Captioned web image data
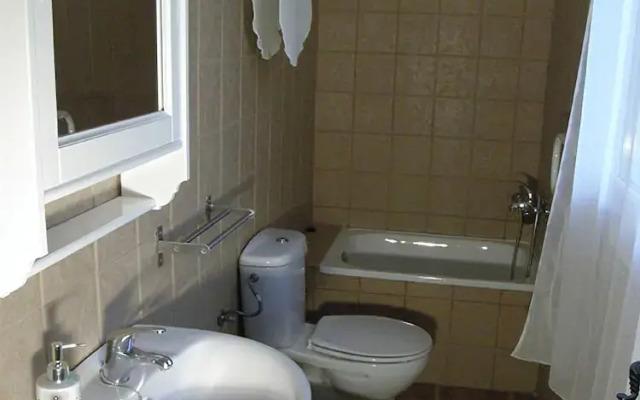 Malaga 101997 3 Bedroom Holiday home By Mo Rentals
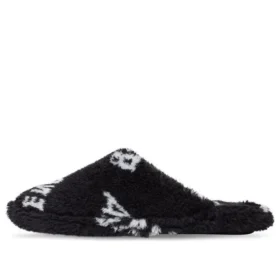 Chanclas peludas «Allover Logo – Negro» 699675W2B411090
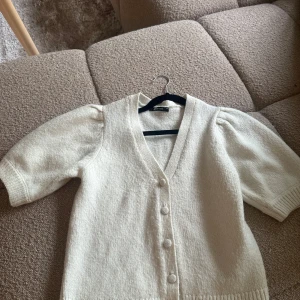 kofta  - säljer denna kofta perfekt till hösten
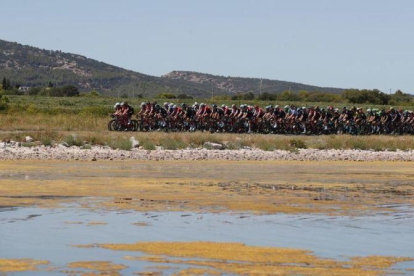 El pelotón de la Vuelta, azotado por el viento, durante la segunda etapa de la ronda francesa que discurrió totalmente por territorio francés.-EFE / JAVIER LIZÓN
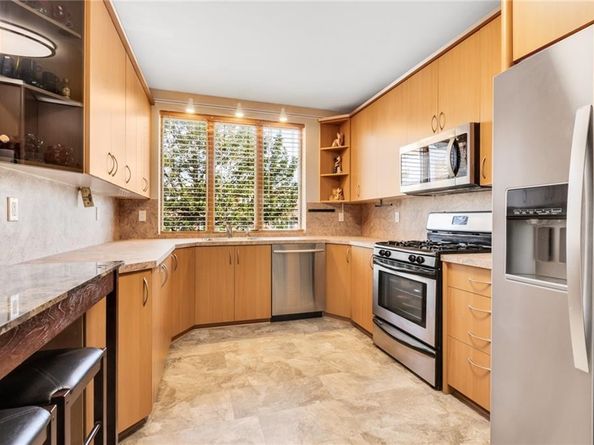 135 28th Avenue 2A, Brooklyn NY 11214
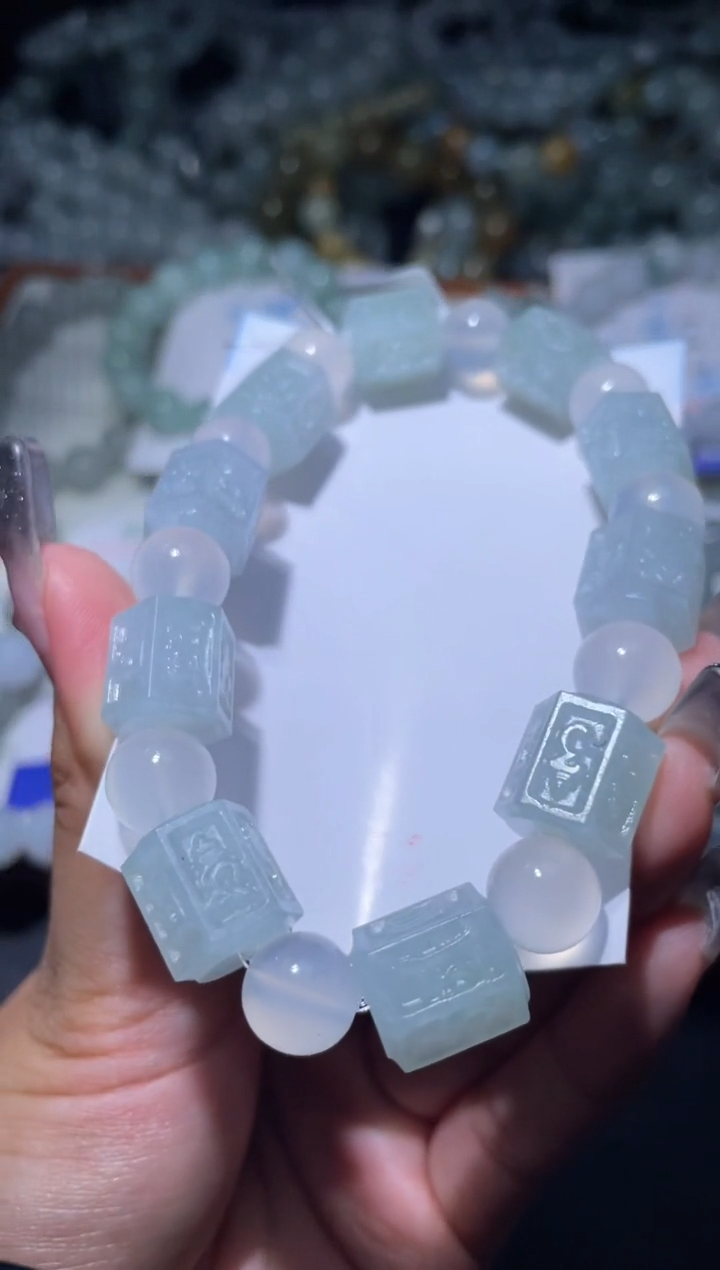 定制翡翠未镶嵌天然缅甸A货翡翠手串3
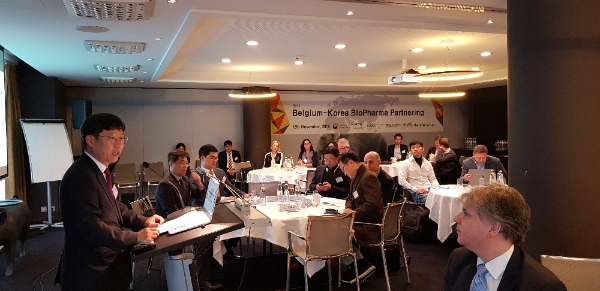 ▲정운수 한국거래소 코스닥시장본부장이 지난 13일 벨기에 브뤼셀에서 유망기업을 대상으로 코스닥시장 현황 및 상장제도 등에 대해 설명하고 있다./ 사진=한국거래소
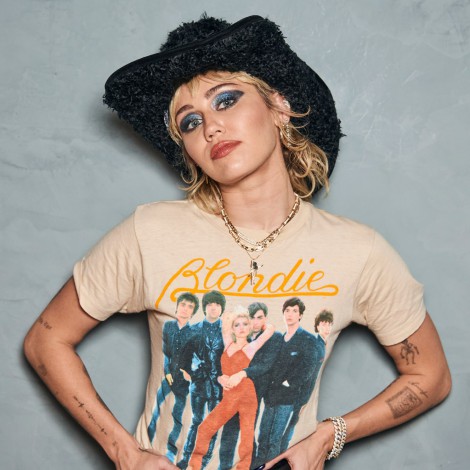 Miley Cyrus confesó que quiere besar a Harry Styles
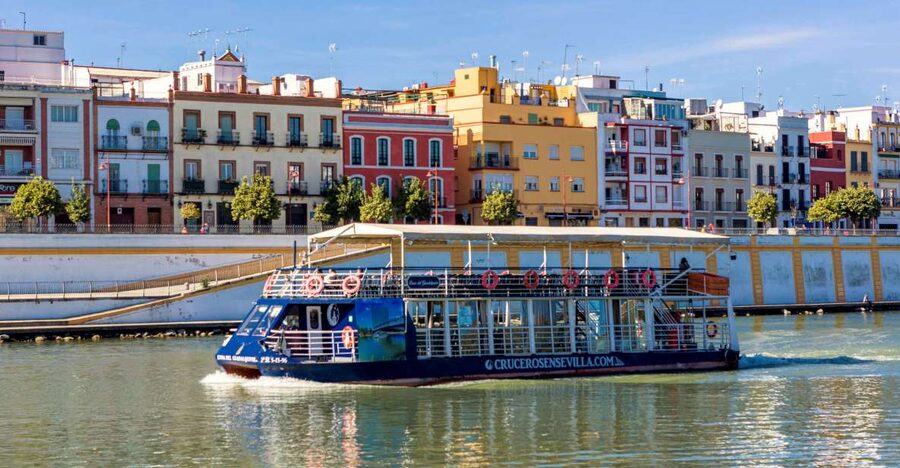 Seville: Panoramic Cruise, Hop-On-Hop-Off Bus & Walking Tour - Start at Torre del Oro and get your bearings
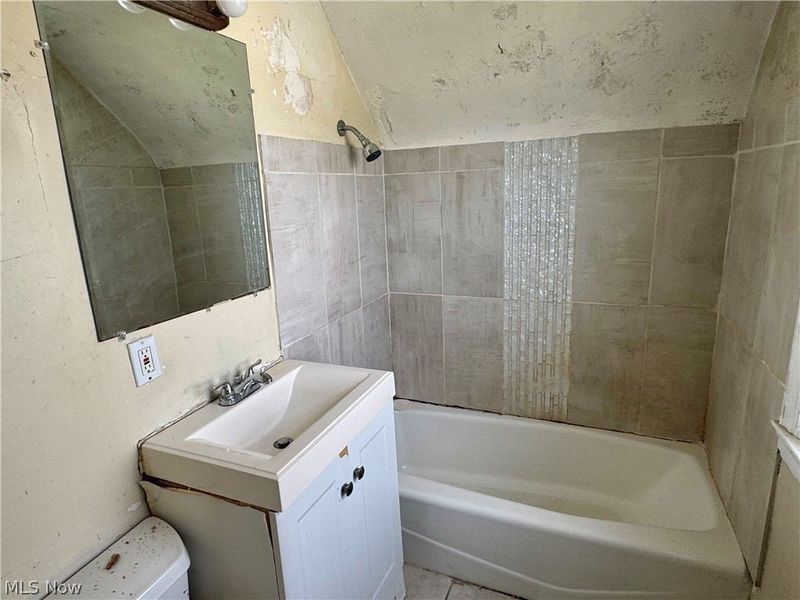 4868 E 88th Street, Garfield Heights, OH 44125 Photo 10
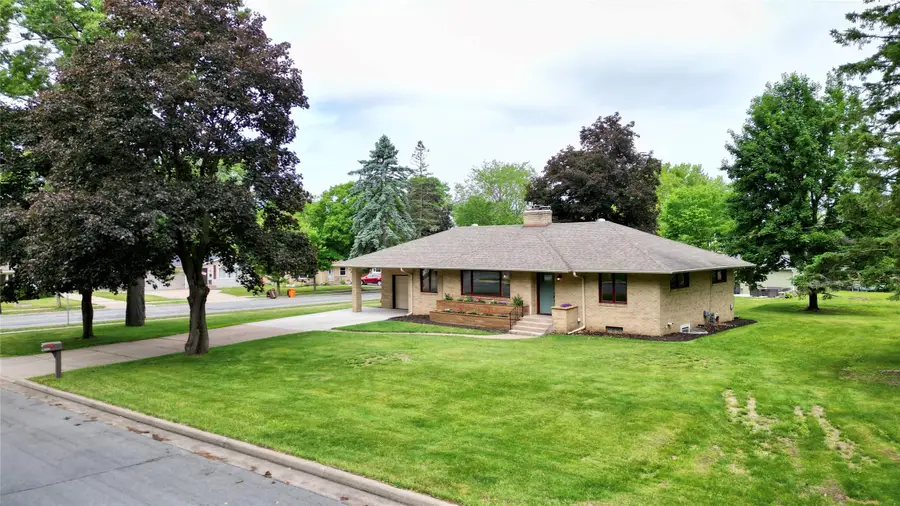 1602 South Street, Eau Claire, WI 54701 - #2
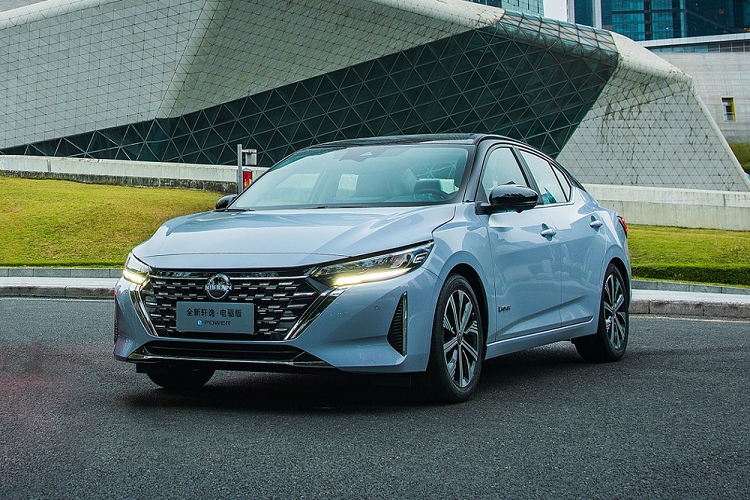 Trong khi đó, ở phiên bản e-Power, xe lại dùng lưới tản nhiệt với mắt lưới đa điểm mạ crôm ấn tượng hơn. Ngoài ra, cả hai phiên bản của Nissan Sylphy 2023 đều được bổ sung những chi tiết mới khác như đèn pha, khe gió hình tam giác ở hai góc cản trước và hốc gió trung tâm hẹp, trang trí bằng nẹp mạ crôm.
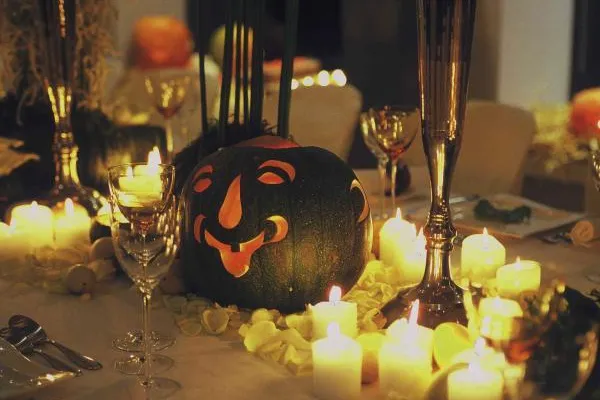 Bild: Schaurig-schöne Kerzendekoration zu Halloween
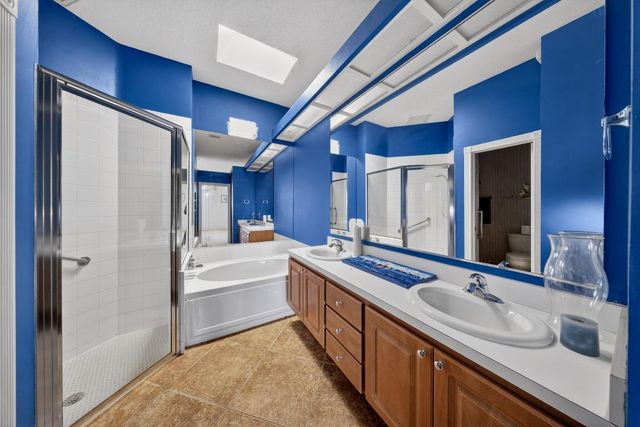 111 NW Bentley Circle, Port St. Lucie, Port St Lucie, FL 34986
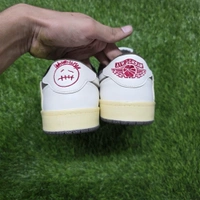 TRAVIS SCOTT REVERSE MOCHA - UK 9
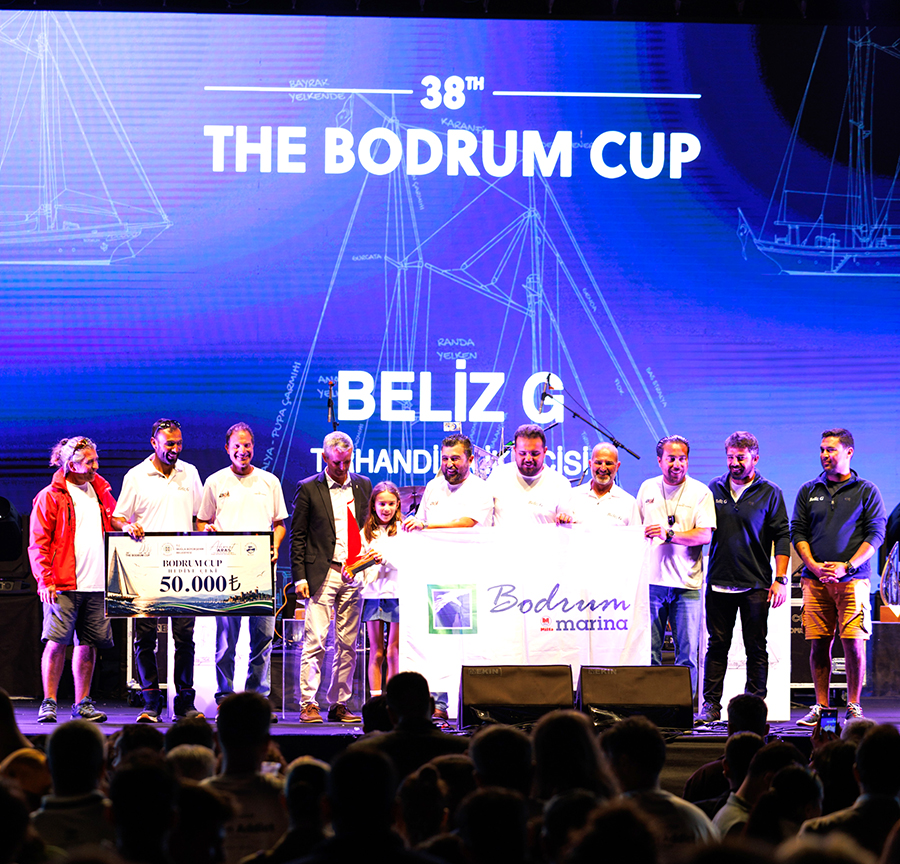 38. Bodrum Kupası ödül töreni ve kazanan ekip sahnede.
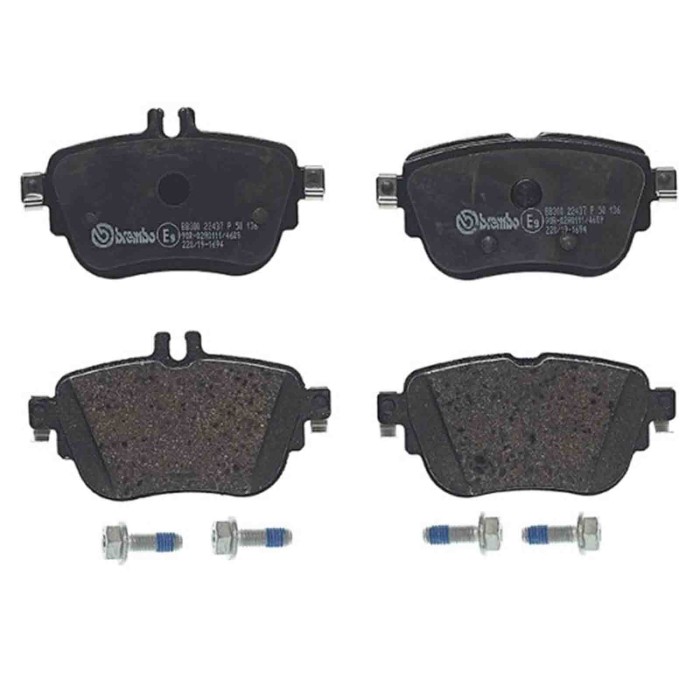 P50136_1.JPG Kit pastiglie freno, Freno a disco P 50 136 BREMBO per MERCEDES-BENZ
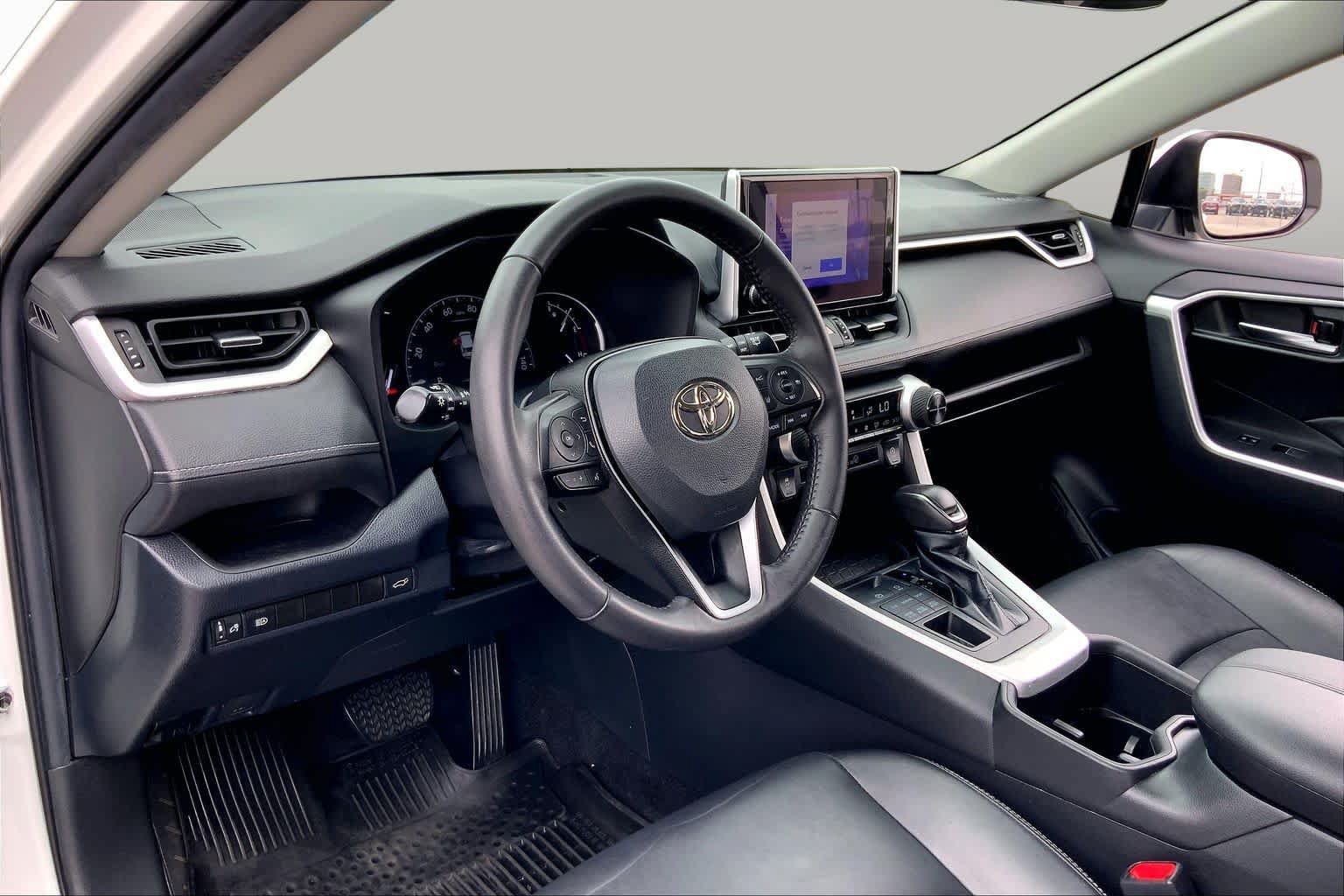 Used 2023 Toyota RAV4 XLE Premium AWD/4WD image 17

▸ WORK INSTRUCTIONS
Repeat the entries above exactly and skip the images.

▸ WRITTEN ANSWER
 Malaga 101997 3 Bedroom Holiday home By Mo Rentals
 Chanclas peludas «Allover Logo – Negro» 699675W2B411090
 kofta  - säljer denna kofta perfekt till hösten
 El pelotón de la Vuelta, azotado por el viento, durante la segunda etapa de la ronda francesa que discurrió totalmente por territorio francés.-EFE / JAVIER LIZÓN
 135 28th Avenue 2A, Brooklyn NY 11214
 定制翡翠未镶嵌天然缅甸A货翡翠手串3
 ▲정운수 한국거래소 코스닥시장본부장이 지난 13일 벨기에 브뤼셀에서 유망기업을 대상으로 코스닥시장 현황 및 상장제도 등에 대해 설명하고 있다./ 사진=한국거래소
 Miley Cyrus confesó que quiere besar a Harry Styles
 Seville: Panoramic Cruise, Hop-On-Hop-Off Bus & Walking Tour - Start at Torre del Oro and get your bearings
 4868 E 88th Street, Garfield Heights, OH 44125 Photo 10
 1602 South Street, Eau Claire, WI 54701 - #2
 Trong khi đó, ở phiên bản e-Power, xe lại dùng lưới tản nhiệt với mắt lưới đa điểm mạ crôm ấn tượng hơn. Ngoài ra, cả hai phiên bản của Nissan Sylphy 2023 đều được bổ sung những chi tiết mới khác như đèn pha, khe gió hình tam giác ở hai góc cản trước và hốc gió trung tâm hẹp, trang trí bằng nẹp mạ crôm.
 Bild: Schaurig-schöne Kerzendekoration zu Halloween
 111 NW Bentley Circle, Port St. Lucie, Port St Lucie, FL 34986
 TRAVIS SCOTT REVERSE MOCHA - UK 9
 38. Bodrum Kupası ödül töreni ve kazanan ekip sahnede.
 P50136_1.JPG Kit pastiglie freno, Freno a disco P 50 136 BREMBO per MERCEDES-BENZ
 Used 2023 Toyota RAV4 XLE Premium AWD/4WD image 17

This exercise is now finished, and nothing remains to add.